*** Block opens ***

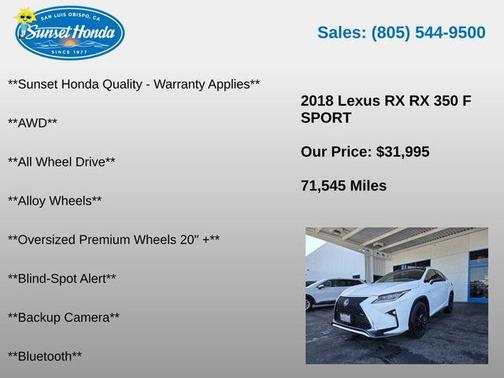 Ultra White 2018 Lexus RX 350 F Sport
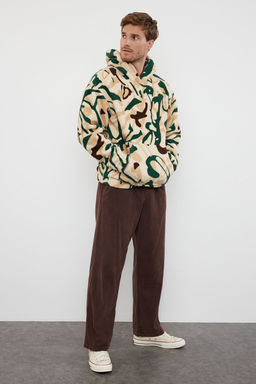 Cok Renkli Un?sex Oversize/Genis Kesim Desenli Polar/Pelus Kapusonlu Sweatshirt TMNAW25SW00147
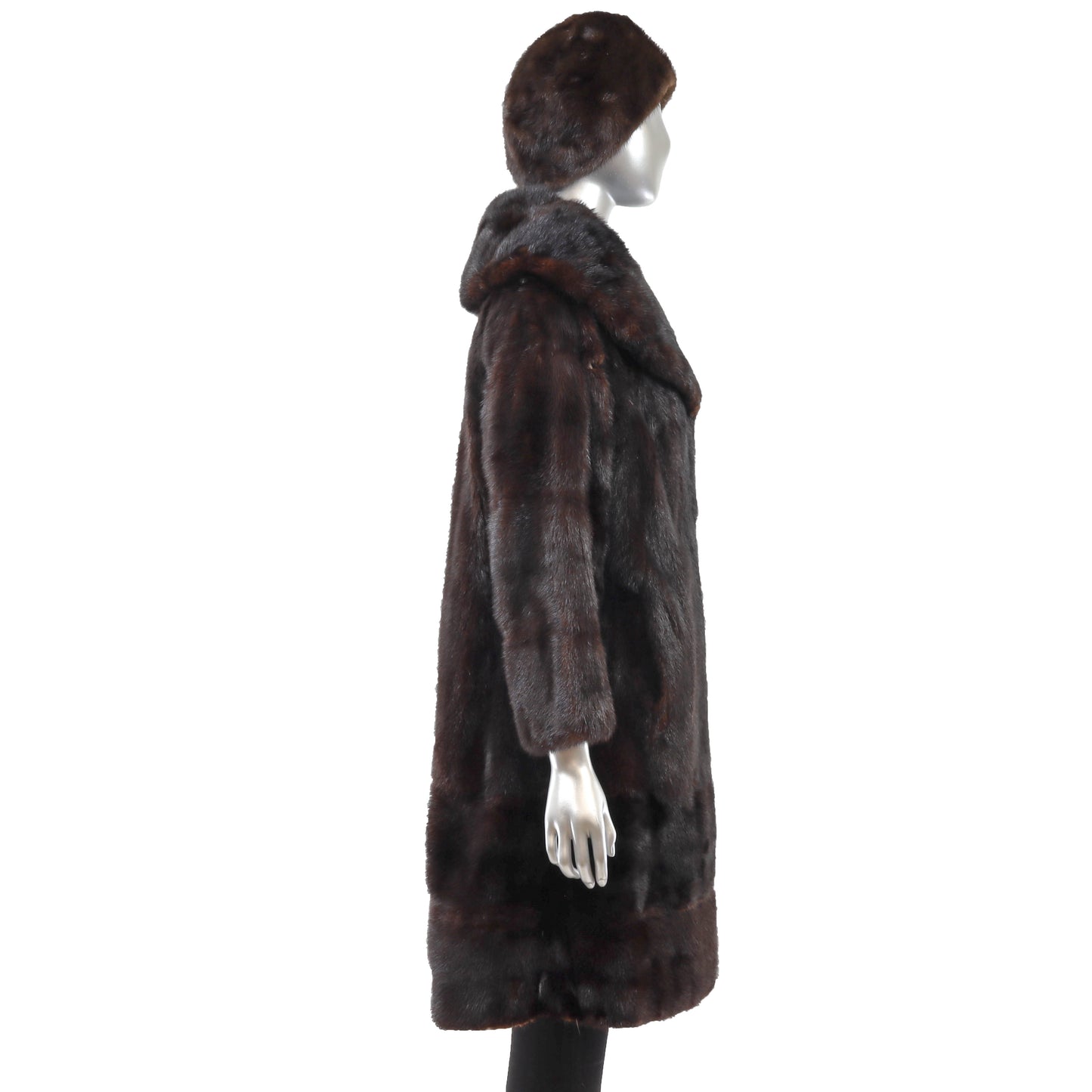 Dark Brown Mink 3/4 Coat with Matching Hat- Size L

*** Block closes ***
*** Block opens ***

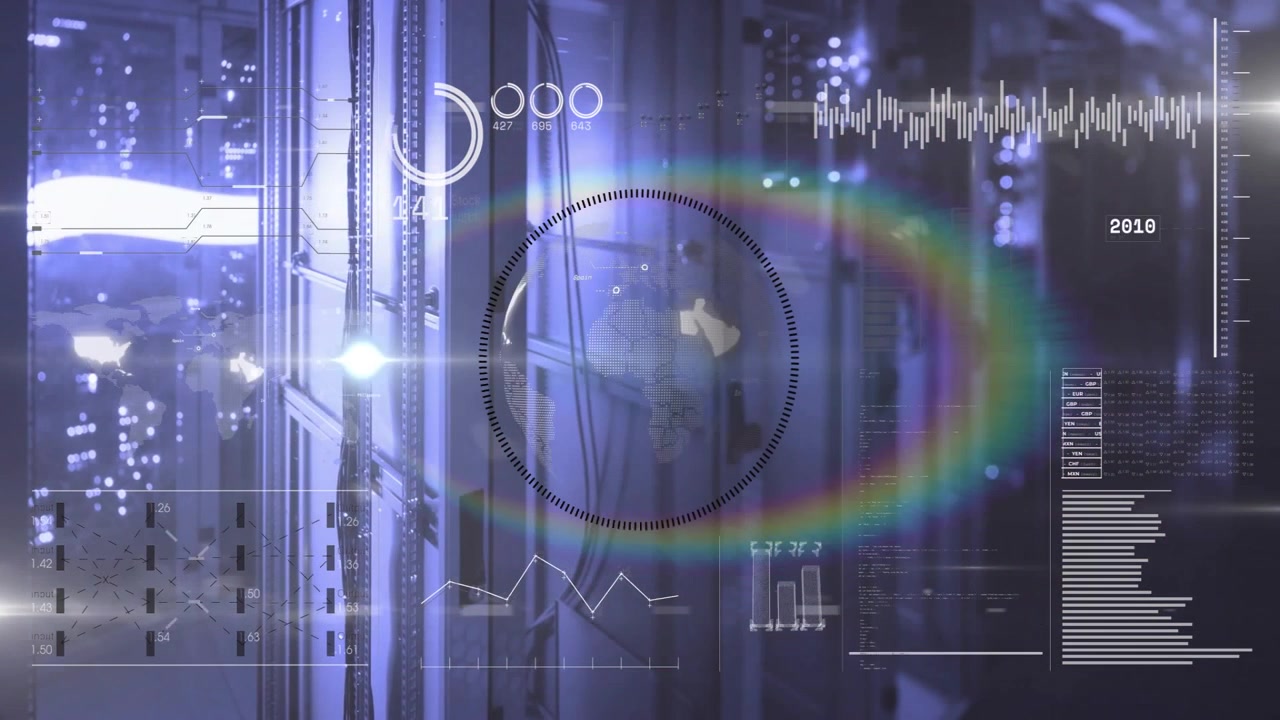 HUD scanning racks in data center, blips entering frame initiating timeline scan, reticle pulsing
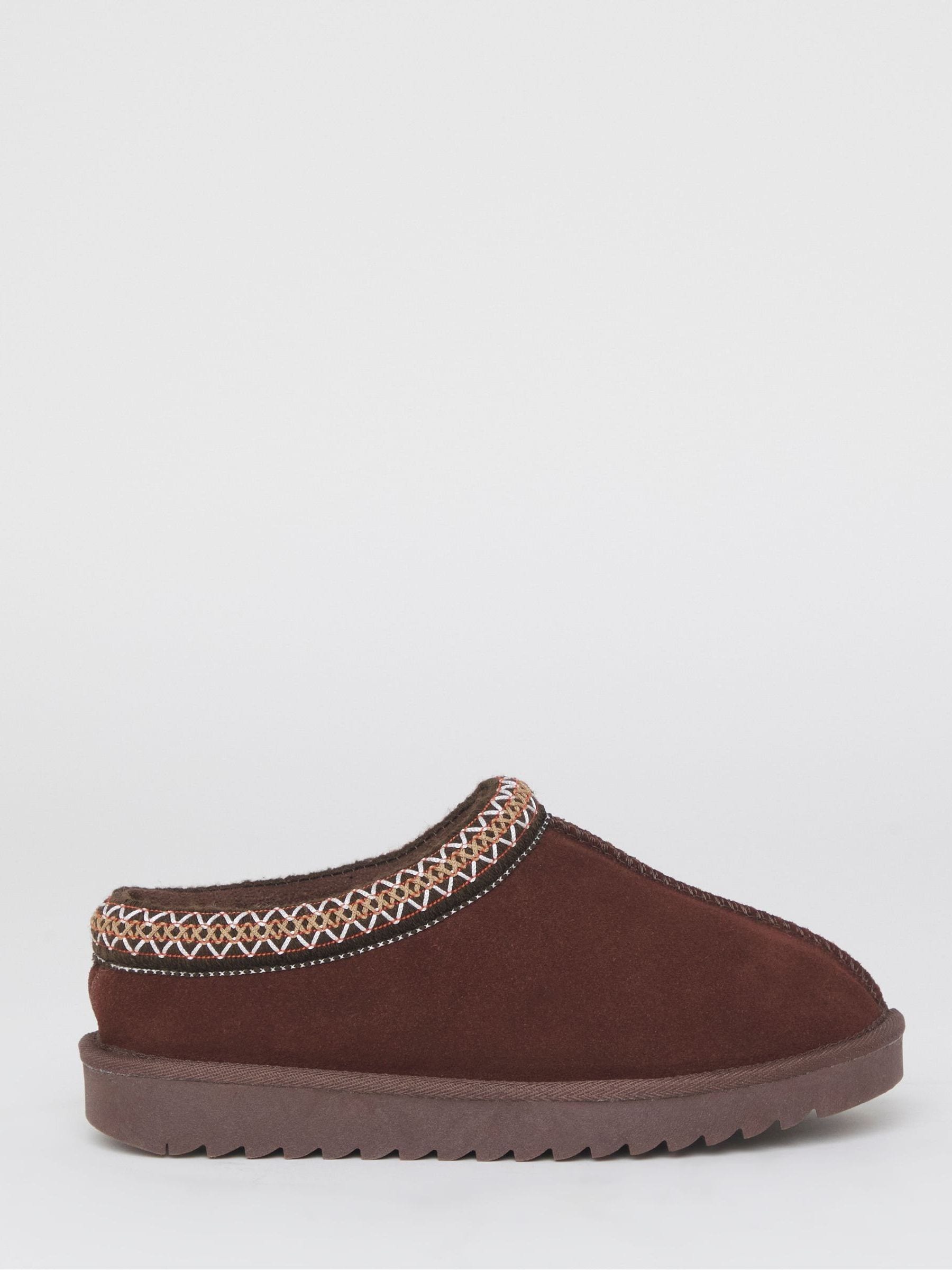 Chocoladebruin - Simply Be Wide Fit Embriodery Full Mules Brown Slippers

*** Block closes ***
*** Block opens ***

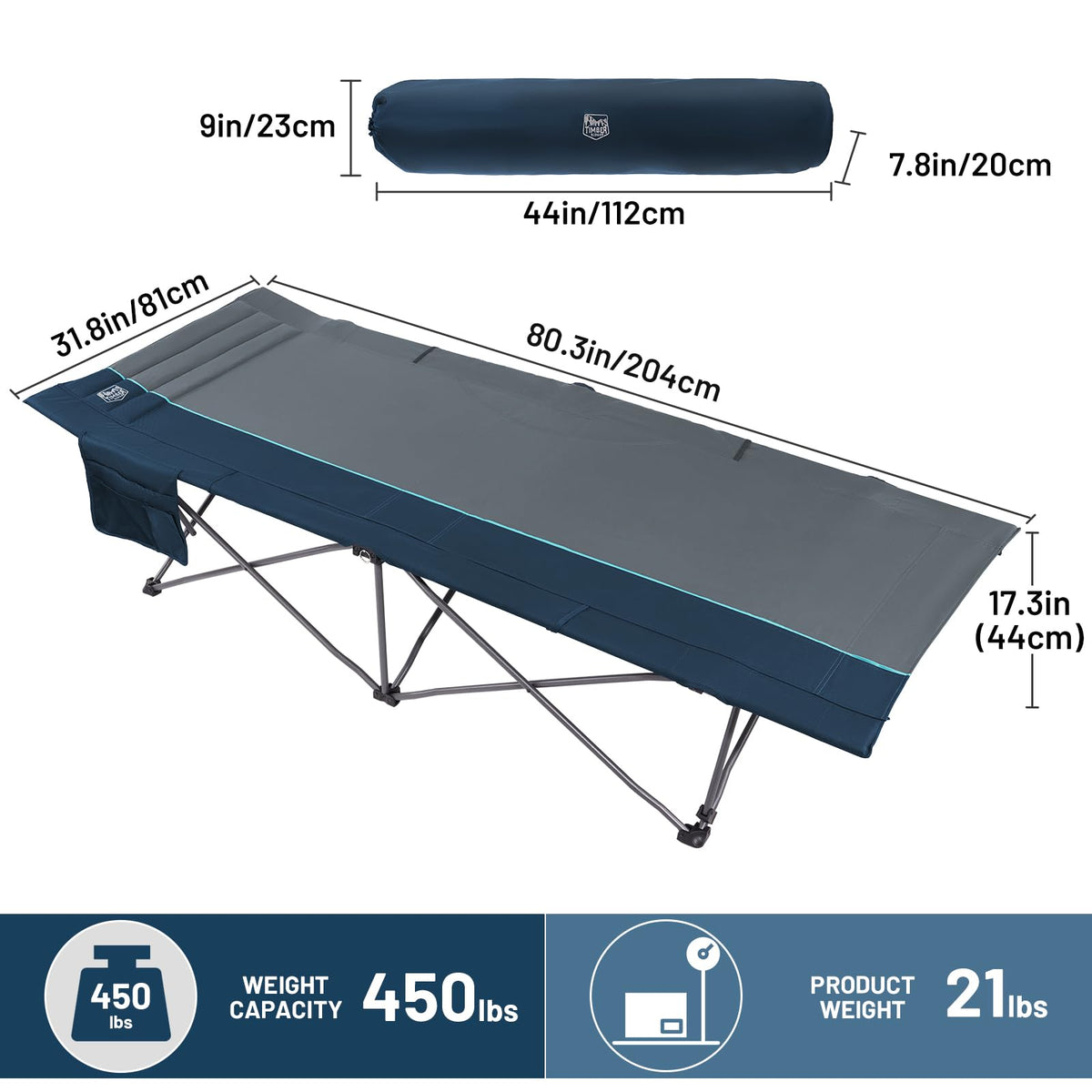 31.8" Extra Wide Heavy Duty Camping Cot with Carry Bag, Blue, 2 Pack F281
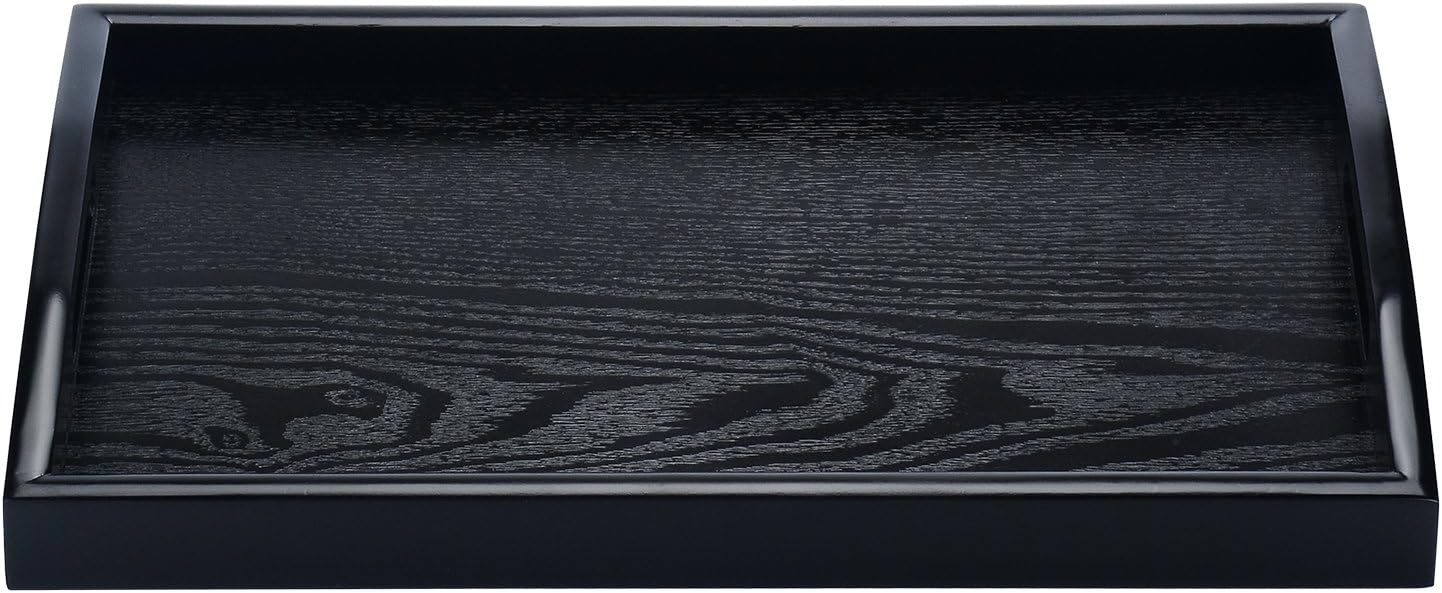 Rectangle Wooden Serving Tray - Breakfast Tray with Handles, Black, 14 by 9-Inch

*** Block closes ***

* [Exercise aim] Quote the data above exactly from the line with "Cok Renkli Un?sex" to the line with "Dark Brown Mink", both ends counted, and nothing else. Pictures don't go in.

* [Written answer]
 Cok Renkli Un?sex Oversize/Genis Kesim Desenli Polar/Pelus Kapusonlu Sweatshirt TMNAW25SW00147
 Dark Brown Mink 3/4 Coat with Matching Hat- Size L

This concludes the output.